In the past two weeks, Israeli security forces have intercepted two attempts to smuggle explosives into Israel. An Iranian fingerprint on these efforts was evident. In the first case, which was reported on August 24, Israeli Arab citizens were caught with Claymore-type explosives in the central Israeli city of Lod. Security forces identified a direct link to Hezbollah and an attempt to recruit Israeli citizens for the task of smuggling the explosives and transferring them to terror cells or terrorists in Israel.
In the second case, reported on August 27, two large explosives were caught during an attempt to smuggle them from Jordan into Israel. It remains unclear whether the explosives arrived from Iran via Syria or Iraq.
The fact that two attempts to smuggle explosives originating from Iran were caught in a short period of time raises the question: How many smuggling efforts were not caught?

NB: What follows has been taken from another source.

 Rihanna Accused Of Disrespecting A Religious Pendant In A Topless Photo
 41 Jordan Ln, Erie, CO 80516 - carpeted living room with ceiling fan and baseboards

The smuggling route stretching from southern Syria through Jordan has been well-known to Israeli security forces for many years. It involves exploiting drug-smuggling routes that also involve Syrian authorities. The Jordanians combat this daily, seeing Iranian and Hezbollah smuggling efforts as a threat to their national stability. A few months ago, a Jordanian attack took place on drug production sites in Syria.

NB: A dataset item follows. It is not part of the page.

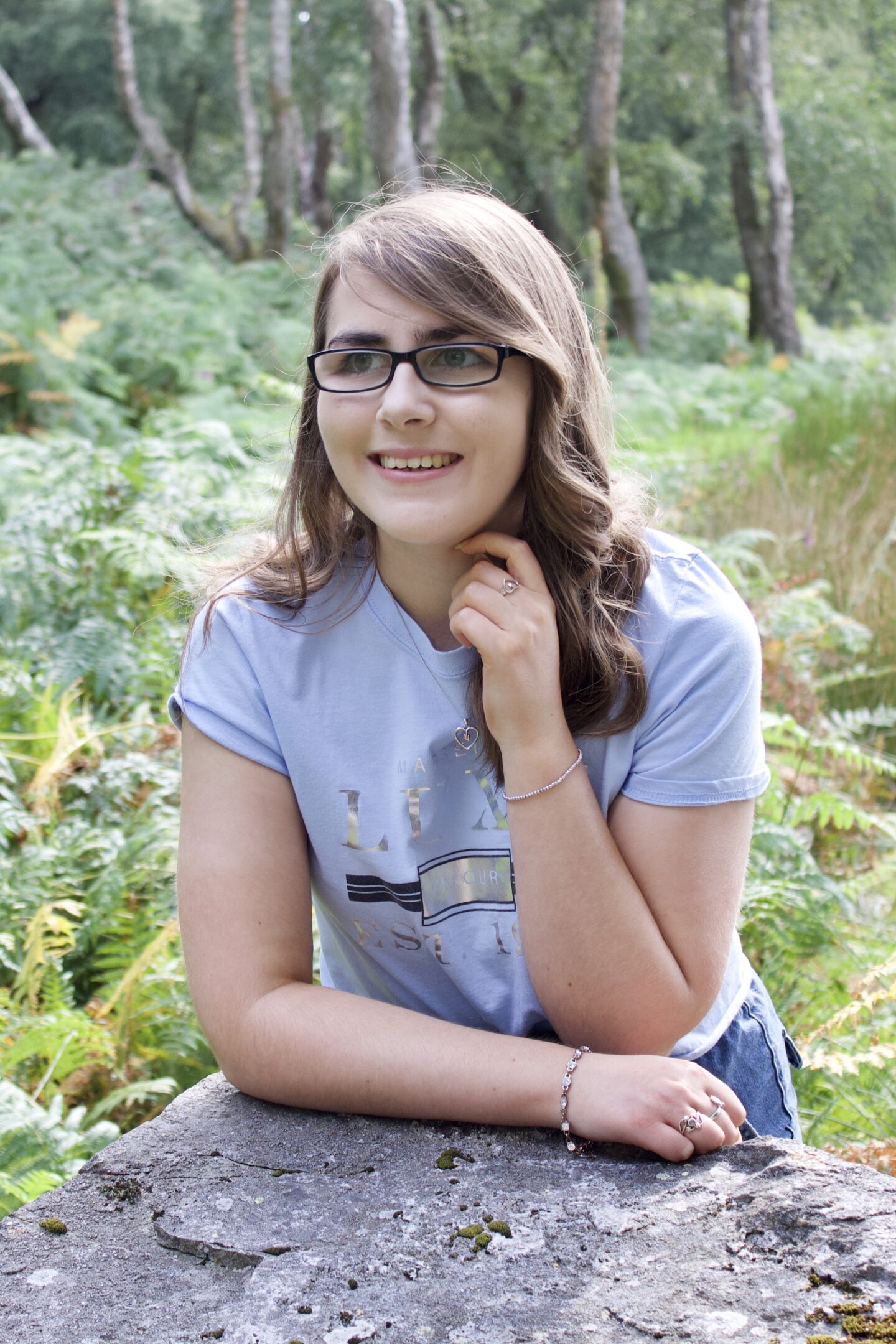 A photo of Elin leaning forward on a rock, her left arm is raise to just underneath her chin and she's looking away from the camera, smiling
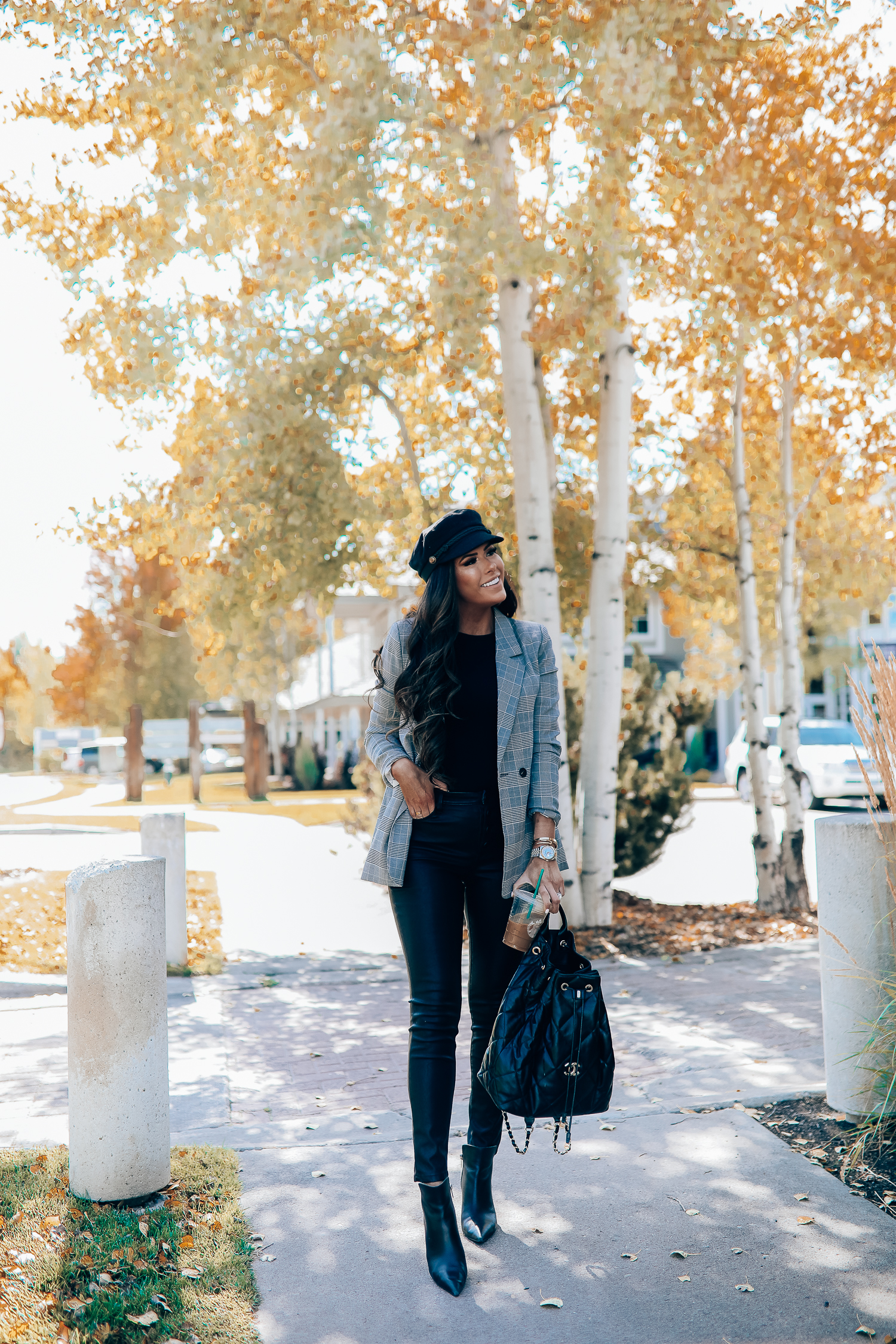 Oversized plaid blazer styled for Fall by top US fashion blog, The Sweetest Thing: image of a woman wearing an Aqua oversized plaid blazer, Splendid long sleeve top, BlankNYC vegan leggings, Marc Fisher booties, Chanel backpack, Baker boy cap, a Rolex watch, Argento Vivo earrings, and Cartier bracelets | fall fashion outfits pinterest 2019, plaid blazer outfit fall, leather pants outfit fall, how to style a plaid blazer fall trends 2019, emily ann gemma-19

We published a detailed report two years ago on the drug industry in southern Syria, pointing out that Hezbollah might be digging tunnels along the Jordanian-Syrian border for these smuggling activities. The connection between drug and weapon smuggling has a long history.
The recent incidents demonstrate that these weapons are not only used for crime but also for terrorist activities. All of this is part of a larger project by Iran to establish control in the northern Middle East, presenting a new security challenge for Israel. We assess that not only explosives and guns but also rocket parts and components for more advanced weapons are being smuggled into Israel and the West Bank.
These incidents, along with recent provocations and terror attacks on the Lebanese border and rising terror from the West Bank, reinforce the perception that Iran is working full-throttle to realize its vision of creating multiple arenas against Israel. Iran’s support for terror infrastructure, in terms of money, weapons, and ideology, continues to flow despite Western sanctions.
There is still a gap between the Iranian vision of multiple fronts against Israel and its actual implementation. Ongoing discussions among different factions—Hamas, Islamic Jihad, Hezbollah, and Iran—are evident. Recent rounds of fighting in Gaza and Jenin showed that Hezbollah’s leader, Nasrallah, is not in any hurry to sacrifice Hezbollah for the Palestinian factions. Nonetheless, he is successfully creating pretexts for escalating tensions on the northern border, where a loss of control could potentially lead to a multi-front conflict.
The big question is: What are the restraining factors? Whenever I am at the border, I wonder why, despite all the recent provocations and tensions, life continues as usual. Traveling to the North is safe for both Israeli and foreign tourists, and the Israeli government’s threats or warnings against Hezbollah have little impact on our daily lives. Is “the big attack” not happening because it failed or because Hezbollah is not really interested in carrying it out?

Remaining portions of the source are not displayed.